8) Clinical IT standards gain traction thanks to government efforts
The U.S. Department of Health and Human Services adopted several standards for clinical information technology that are expected to increase the interoperability of clinical information systems and improve exchange of clinical information. In the future, IT systems sold to the federal government will have to adhere to these standards. In addition, the new Medicare prescription drug bill included a provision that called for the HHS Secretary to promulgate final standards within a year for electronic transmission of prescription drug information and authorized HHS to make grants to physicians to assist them in implementing electronic prescription drug programs.

Read about public and private sector efforts to establish IT standards for health care.

9) Quality improvement efforts really start to make strides
Within the last year, medical journals have reported on the significant efforts to improve quality of care and efficiency in the Veteran's Health Administration and on the quality and efficiency of care in the Kaiser-Permanente health system. In addition, more employers and public payers are starting to reward those who provide higher-quality care. There are now more than 50 "pay-for-performance" trials, demonstrations, or plans across the country. The Robert Wood Johnson Foundation's Rewarding Results program, administered by the Leapfrog Group, includes seven large demonstrations of pay-for-performance, and the Centers for Medicare and Medicaid Services has launched its Doctor's Office Quality project and Premier Hospital Quality Incentive demonstration, both of which include a projected pay-for-performance component.

See How Does Quality Enter into Health Care Purchasing Decisions? Neil I. Goldfarb, et al., May 2003.

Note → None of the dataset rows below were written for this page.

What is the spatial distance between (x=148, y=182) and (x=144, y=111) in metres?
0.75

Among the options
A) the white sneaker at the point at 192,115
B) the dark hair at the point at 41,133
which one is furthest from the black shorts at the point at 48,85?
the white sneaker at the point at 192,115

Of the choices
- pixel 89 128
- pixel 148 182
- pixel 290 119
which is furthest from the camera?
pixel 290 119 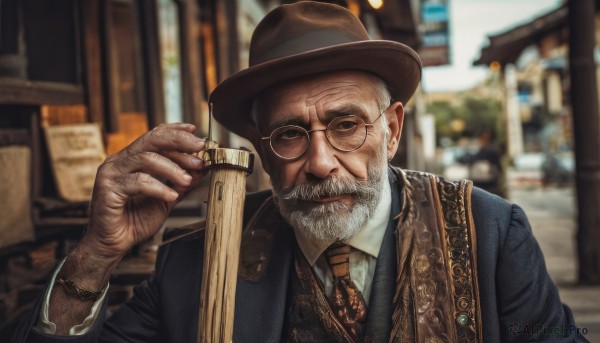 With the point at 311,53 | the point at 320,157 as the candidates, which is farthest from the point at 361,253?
the point at 311,53

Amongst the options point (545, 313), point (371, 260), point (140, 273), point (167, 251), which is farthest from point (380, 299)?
point (140, 273)

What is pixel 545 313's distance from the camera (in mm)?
1812

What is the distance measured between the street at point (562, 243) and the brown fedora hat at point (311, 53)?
111 inches

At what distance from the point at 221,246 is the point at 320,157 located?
474mm

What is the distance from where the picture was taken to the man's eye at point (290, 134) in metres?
1.92

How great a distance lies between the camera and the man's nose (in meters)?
1.84

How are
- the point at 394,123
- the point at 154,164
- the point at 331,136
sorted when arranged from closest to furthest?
the point at 154,164 < the point at 331,136 < the point at 394,123

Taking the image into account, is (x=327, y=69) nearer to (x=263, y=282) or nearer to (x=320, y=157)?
(x=320, y=157)

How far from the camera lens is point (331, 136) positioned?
189 centimetres

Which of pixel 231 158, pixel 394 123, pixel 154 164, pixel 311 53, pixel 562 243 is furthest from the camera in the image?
pixel 562 243

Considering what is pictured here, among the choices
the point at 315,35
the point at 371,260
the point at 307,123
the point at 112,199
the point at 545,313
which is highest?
the point at 315,35

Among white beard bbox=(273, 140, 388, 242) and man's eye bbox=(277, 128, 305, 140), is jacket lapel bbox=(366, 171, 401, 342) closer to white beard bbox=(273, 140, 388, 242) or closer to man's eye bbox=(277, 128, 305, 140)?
white beard bbox=(273, 140, 388, 242)

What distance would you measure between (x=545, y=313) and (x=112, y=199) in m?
1.46

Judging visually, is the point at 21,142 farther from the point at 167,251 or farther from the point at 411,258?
the point at 411,258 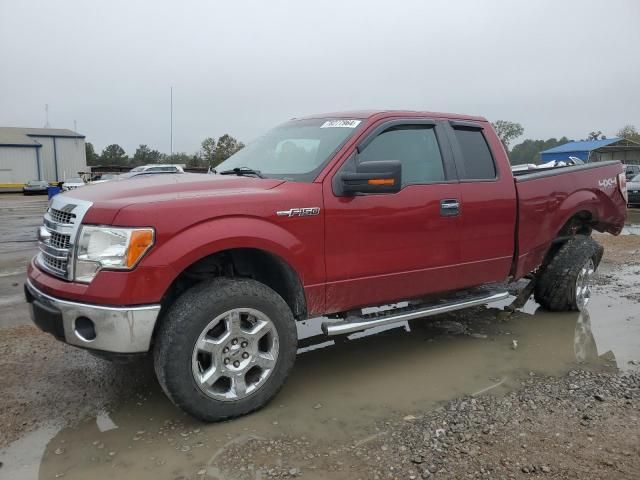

10) Disparities in health care get renewed attention
The stark findings of the Institute of Medicine's Unequal Treatment report—that racial and ethnic minorities receive lower-quality health care, even when they have the same income and access to care as whites—continue to spur action. Two legislative proposals have been introduced to eliminate disparities. The "Healthcare Equality and Accountability Act" seeks to improve minority health through insurance expansions, culturally and linguistically appropriate care, and workforce diversity; the "Closing the Health Care Gap Act" would, among other efforts, formalize and expand the role of the Office of Minority Health. After creating the first comprehensive bibliography of key articles on racial and ethnic disparities, Physicians for Human Rights issued policy and research recommendations to eliminate such problems, emphasizing the need for federal leadership. In the private sector, Aetna began collecting data on members' and participating physicians' race, ethnicity, and language preference in order to understand differences in how patients obtain care and to create targeted prevention, education, and treatment efforts.